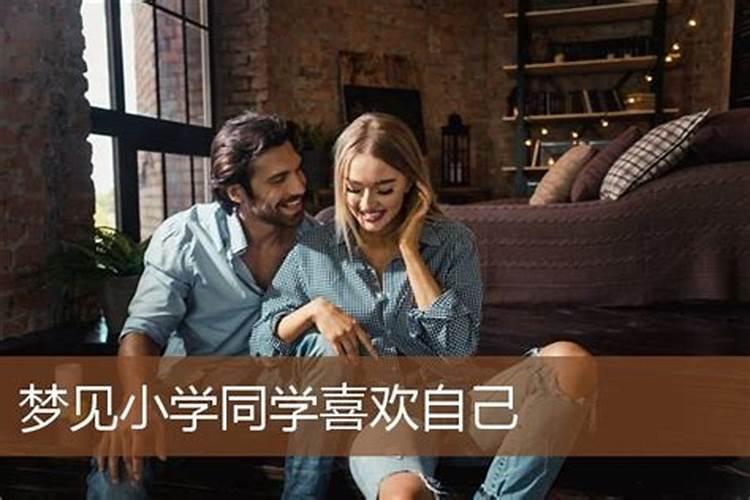 梦见表弟是什么意思 梦见表弟预兆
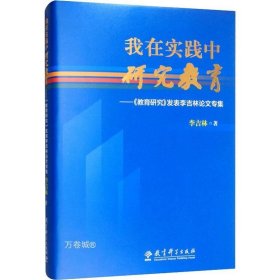 我在实践中研究教育：《教育研究》发表李吉林论文专集（精装版）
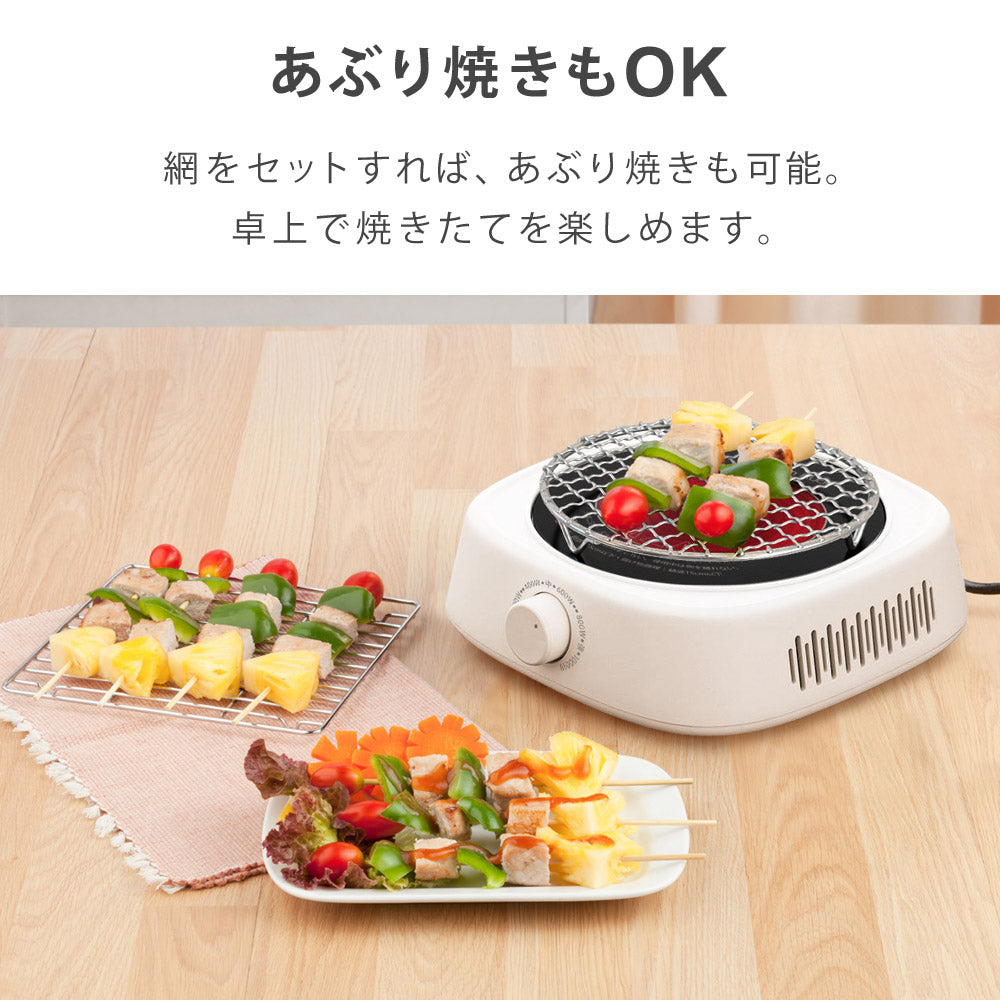 【当店限定180日延長保証】 Sun Ruck ラジエントヒーター 調理家電 1000W 遠赤外線 小型 キッチン 卓上調理 料理 調理 クッキングヒーター 焼く温める 炒める 煮る 茹でる 揚げる 蒸す あぶる 炙る 調理 余熱調理 自炊 鍋おしゃれ シンプル 白 1口 コンロ 卓上コンロ SR-YTC-04W キッチン家電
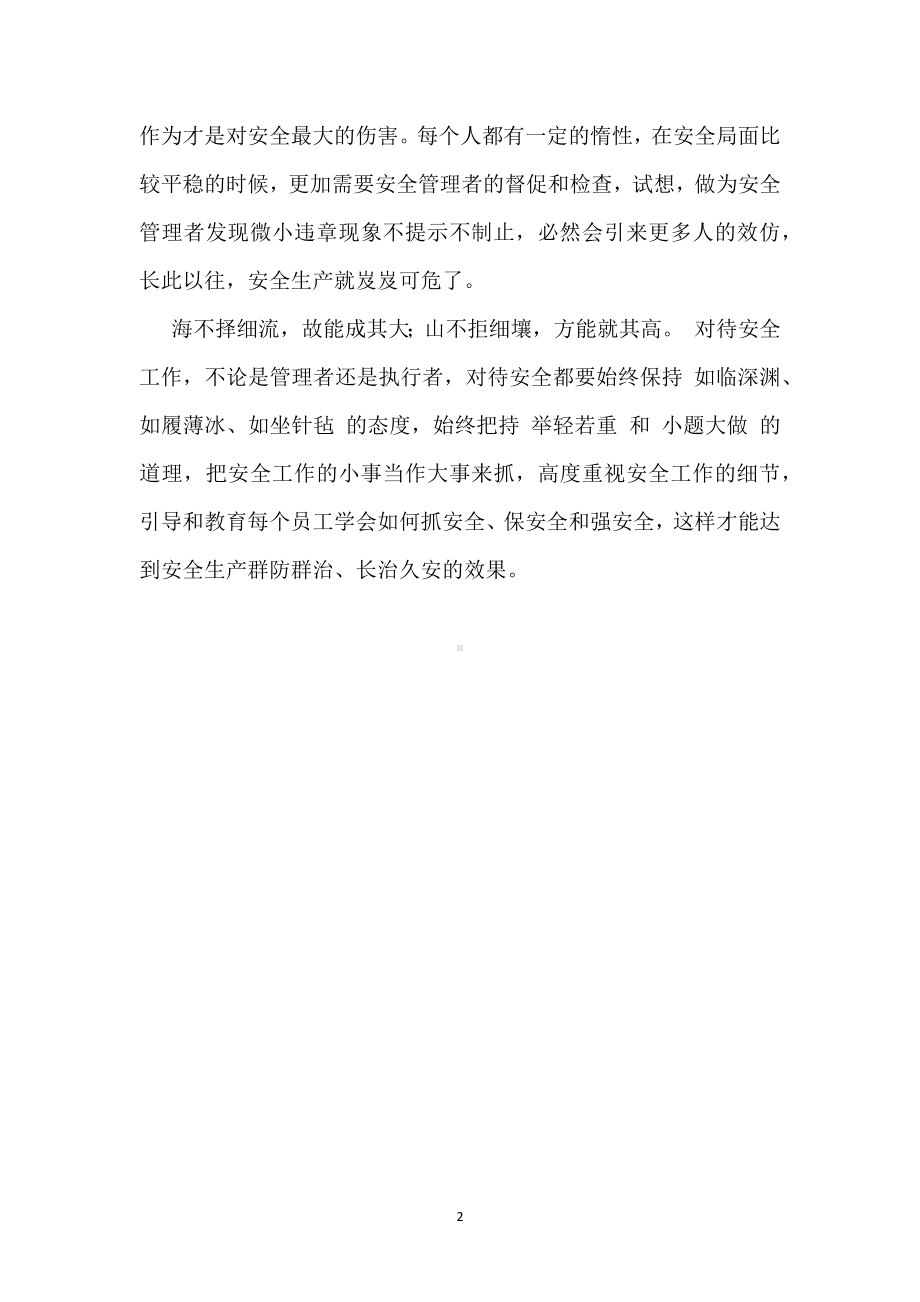 抓安全就要“小题大做”模板范本.docx_第2页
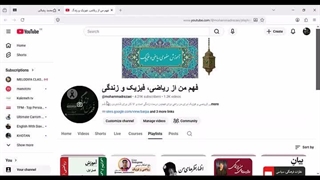 شمه‌ای از فیزیک – سوال کار روی سطح شیب‌دار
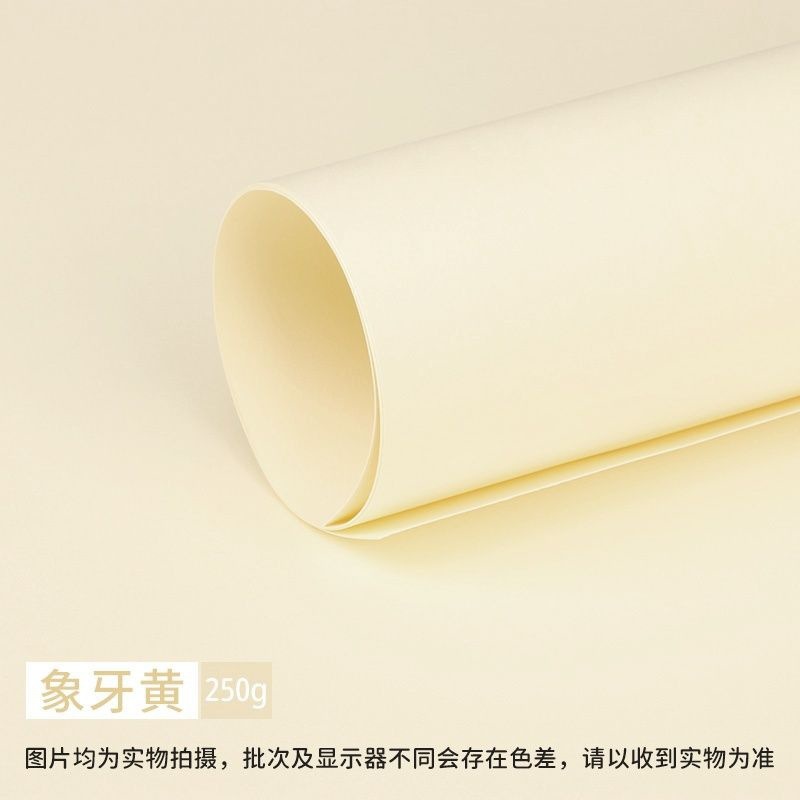 中国風の書道サインイン壁環境創造材料幼稚園エリアアクセスカード文化装飾クラスチェックインアレンジメント|undefined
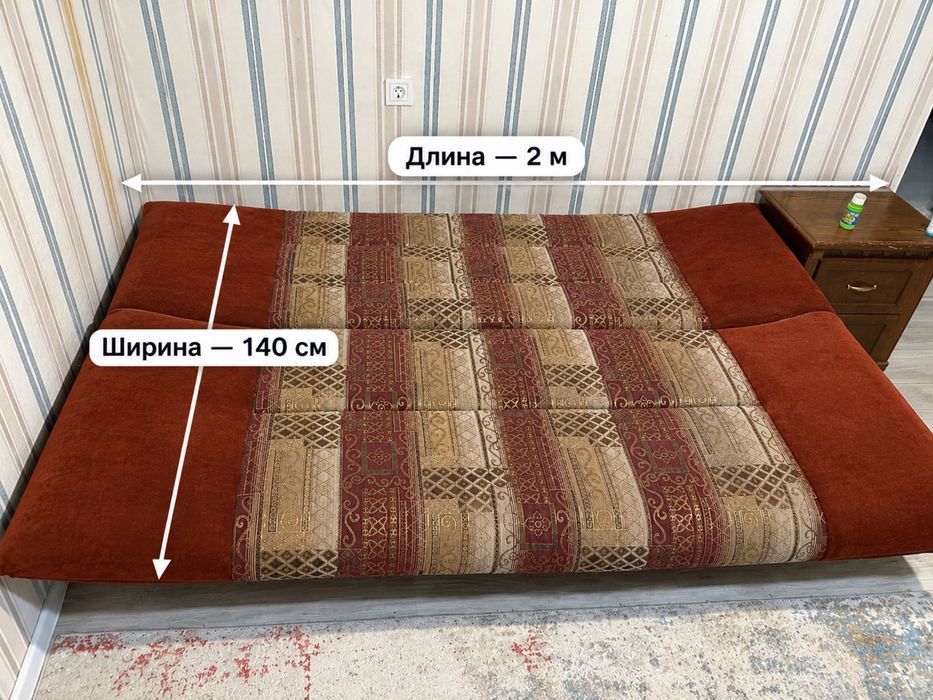 Диван раскладной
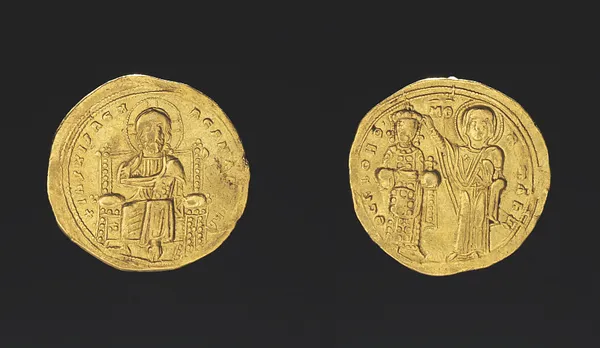 Histamenon of Romanus III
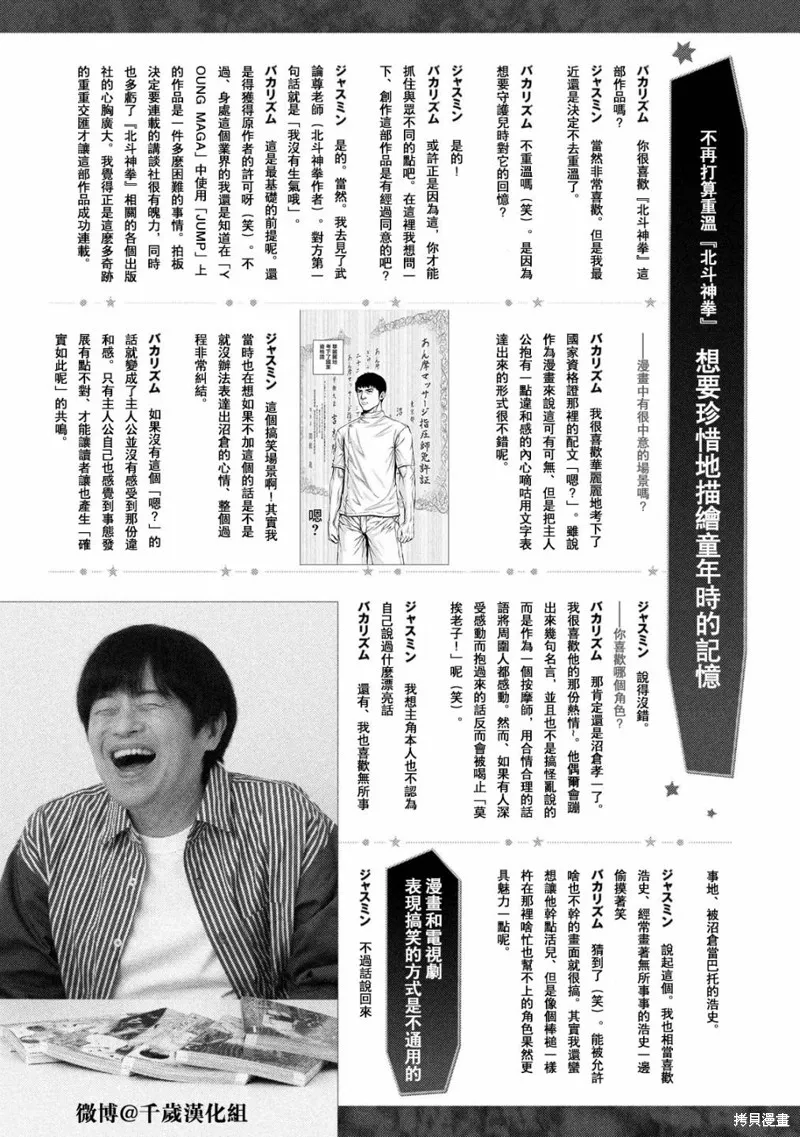 第77话 第17页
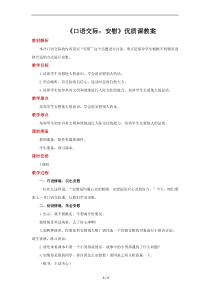 《口语交际：安慰》优质课教案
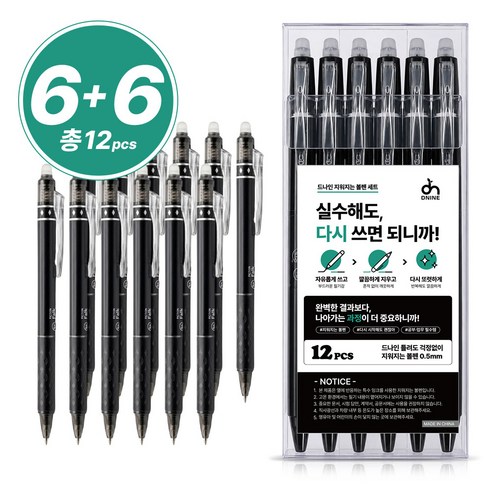 드나인 틀려도 걱정없이 지워지는 볼펜 0.5mm, 12개, 블랙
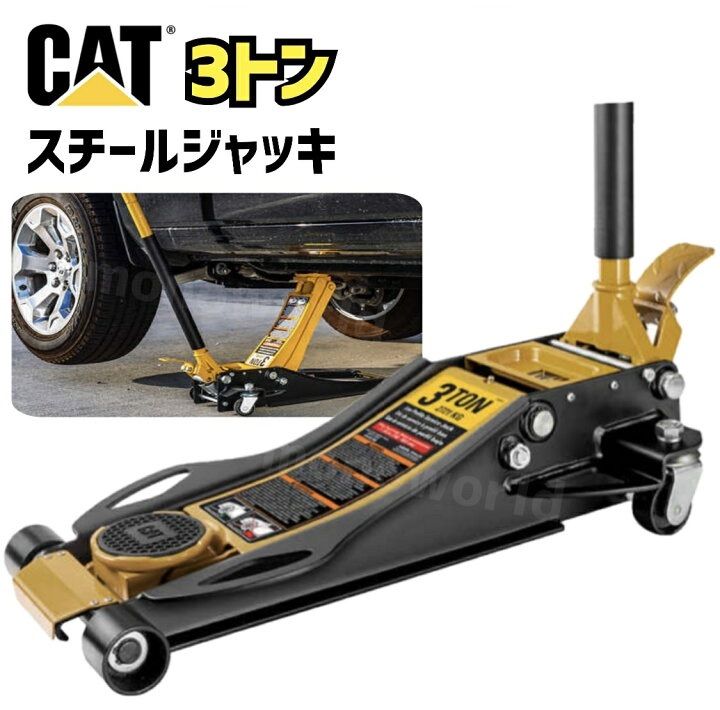 CAT 3トン 低床スチールジャッキ フットペダル搭載 デュアルポンプ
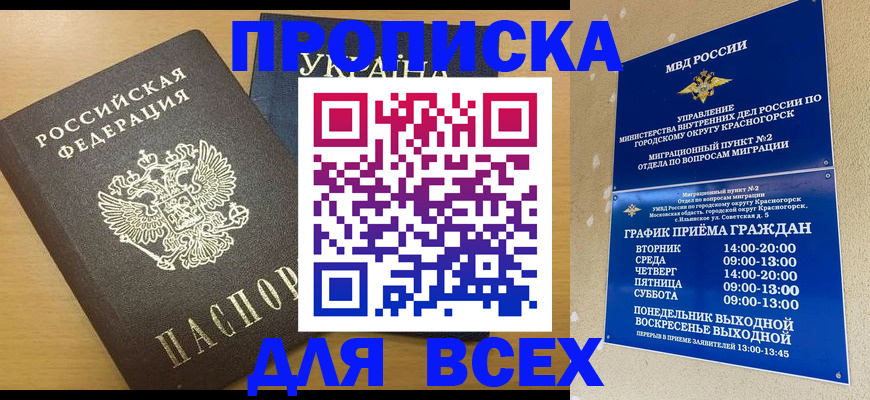 прописка для школы в Морозовске
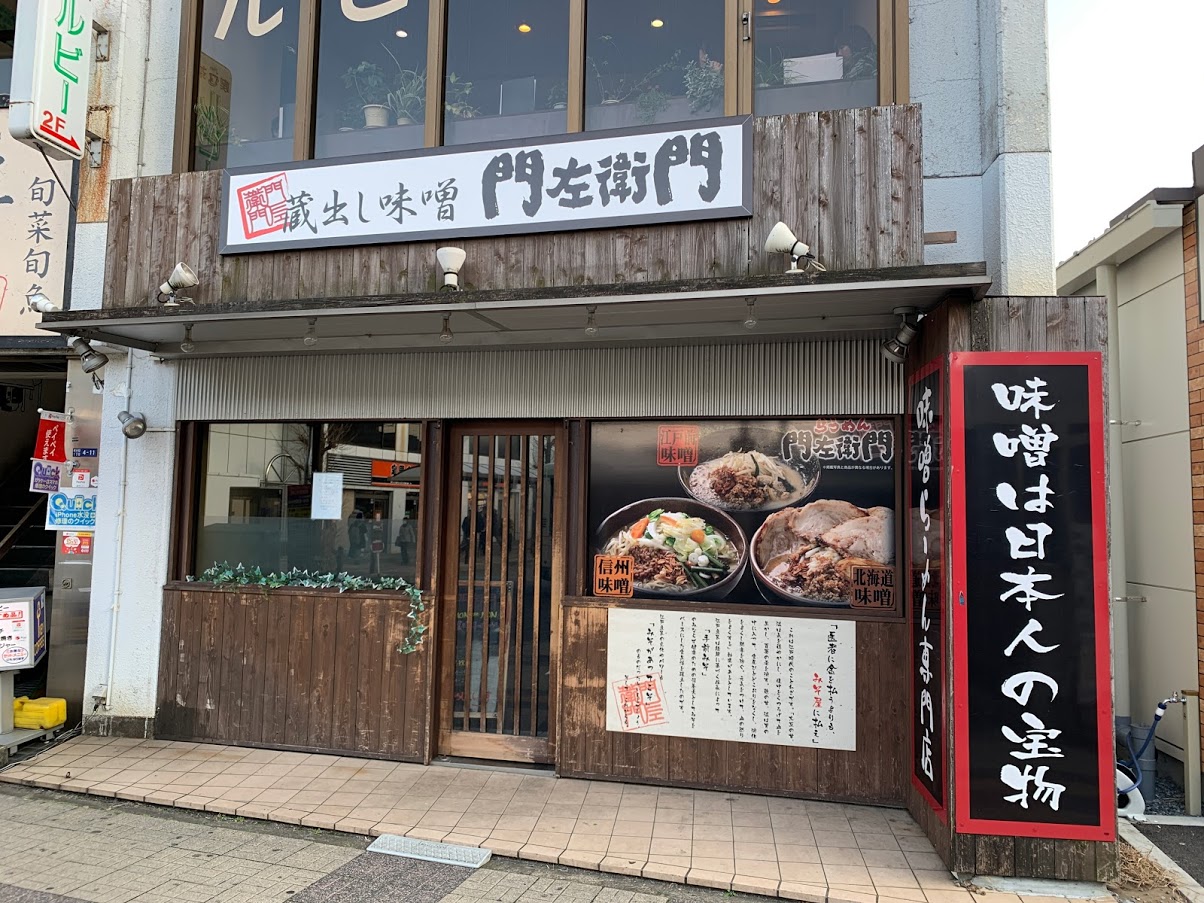 朝霞台駅で本当に旨いラーメンはここだ！地元民が選ぶ2026年最新名店完全版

___

> _Brief_: With pictures left out, transcribe each line from the one containing "Диван раскладной" through the end of the data, both ends included.

> _Written answer_:
 Диван раскладной
 Histamenon of Romanus III
 第77话 第17页
 《口语交际：安慰》优质课教案
 드나인 틀려도 걱정없이 지워지는 볼펜 0.5mm, 12개, 블랙
 CAT 3トン 低床スチールジャッキ フットペダル搭載 デュアルポンプ
 прописка для школы в Морозовске
 朝霞台駅で本当に旨いラーメンはここだ！地元民が選ぶ2026年最新名店完全版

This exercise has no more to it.